Cambridge Consultants develops innovative nebuliser to treat cystic fibrosis
Observing surfers with cystic fibrosis (CF) led scientists to discover that the inhaled mist of seawater has a therapeutic effect on the lung problems associated with the disease. Now the findings have been used by pharmaceutical company Parion Sciences and product development firm Cambridge Consultants in a revolutionary new aerosol delivery system. It enables CF sufferers to get the benefits of saltwater treatment in their own homes overnight while they sleep.
“We have seen evidence that routine exposure to salt water reduces the number of lung infections in CF patients and leads to fewer hospital admissions – but the challenge was to develop an optimal delivery system,” said Dr Richard Boucher, co-founder and chairman of Parion. “We enlisted Cambridge Consultants to design the system, given its track record of creating world firsts in drug delivery device development – and the results have exceeded our expectations.”
CF is a chronic disease that affects the lungs and digestive system of more than 70,000 adults and children worldwide.

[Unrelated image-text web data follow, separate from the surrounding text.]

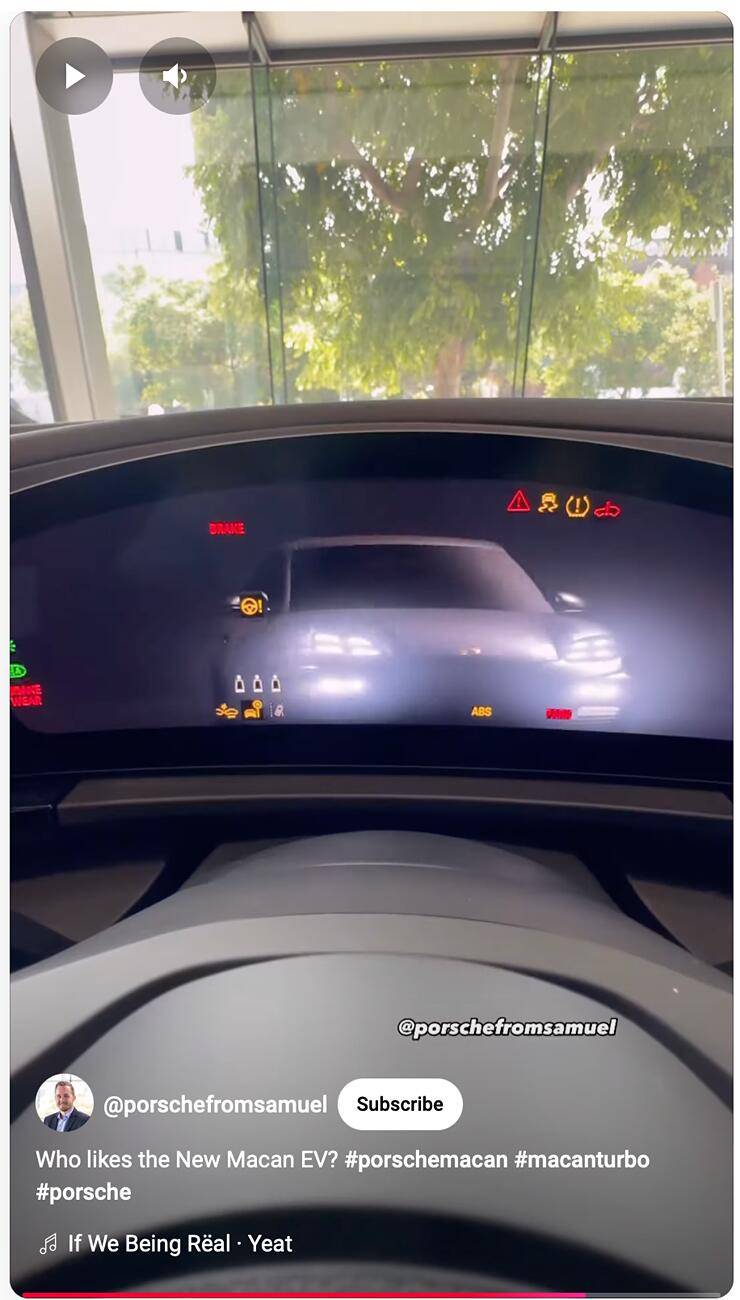 Macan EV Is this new UI a mistake or for real? 1726856740085-9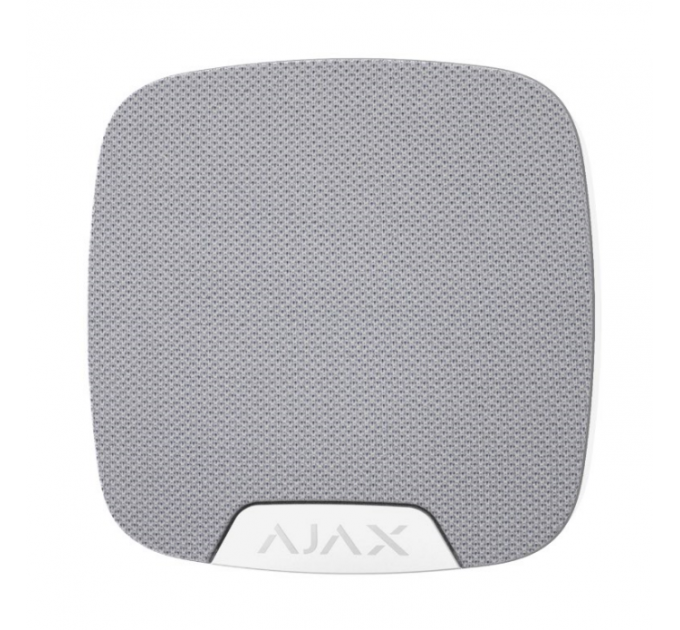 Беспроводная комнатная сирена Ajax HomeSiren White (38111.11.WH1)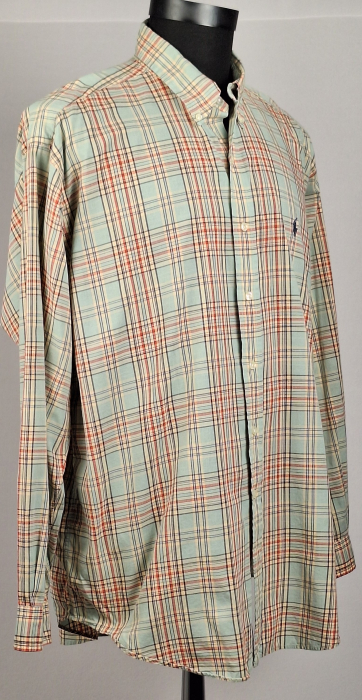 Cămașă Ralph Lauren Blake în carouri pastel din bumbac [5]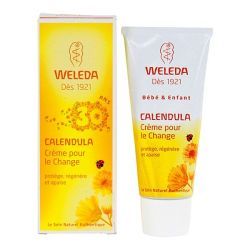 Calendula Bébé Crème pour le change - 75ml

Studies have shown that the inhalation of a hypertonic saltwater solution improves the condition of sufferers by rehydrating the layer of mucus film that lines their lungs. Cambridge Consultants conducted human-factor studies and applied its expertise in fluid dynamics to develop a system that could deliver an aerosol mist through the nose continuously for eight hours.
“We immediately recognised the potential of this project to transform the lives of CF patients,” said Matthew Allen, programme director at Cambridge Consultants. “The challenge was to build an aerosol nebuliser system that could be comfortably used by patients overnight – with the saline mist travelling down a long cannula to the sleeping patient without forming the large droplets that often occur in a standard nebuliser system. The size of the saline droplets is crucial to the success of the treatment as they need to be small enough to penetrate deep into the lungs.”
The tPAD (trans-nasal pulmonary aerosol delivery) device has been assessed in a clinical trial – and so greatly exceeded its predicted performance that additional devices have now been requested to support further clinical trials. The aim is to provide an easy and effective treatment system for CF patients that is suitable even for young children and allows the disease to be treated at the earliest possible stages.